# Top Repos by Commit Volume

> The most active repos in the org. No ties left behind.

Canonical URL: <https://datadriven.io/problems/top_repos_by_commit_volume>

Domain: SQL · Difficulty: medium · Seniority: L4

## Problem

Our CI system tracks builds per repository. For each repo that has CI build history, count total commits and rank them. Return repos in the top 5 tiers by commit volume, where tied repos share the same rank. Show the repository name and commit count.

## Worked solution and explanation

### Why this problem exists in real interviews

They're checking whether you read the prompt carefully enough to spot the qualifying clause. The phrase `each repo that has CI build history` is the trap: it forces a join to `ci_builds` even though the metric (commit count) lives entirely in `repo_commits`. If you skip the join, you'll count commits from repos that never ran CI. They also want to see RANK vs DENSE_RANK reasoning for tie tiers.

---

### Break down the requirements

#### Step 1: Filter to repos with CI history

Join `repo_commits` to `ci_builds` on `repo_name`. The join is a filter, not a metric source. EXISTS would also work and dodges the fan-out concern (more on that in pitfalls).
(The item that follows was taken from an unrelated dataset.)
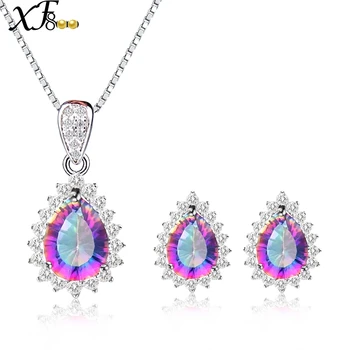 

XF800 Natural Gem Stone Crystal Topaz Necklace Pendant Earrings Set 925 Sterling Silver Jewelry Gift For Women Water T239DE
#### Step 2: Count commits per repo

`COUNT(rc.commit_id) AS commit_count` grouped by `rc.repo_name`. Count the PK, not `*`, so you can defend it if the interviewer asks why.

#### Step 3: Rank with ties

`RANK() OVER (ORDER BY COUNT(rc.commit_id) DESC)`. The prompt says tied repos share a rank, so RANK, not ROW_NUMBER. Compute it in the same SELECT as the GROUP BY.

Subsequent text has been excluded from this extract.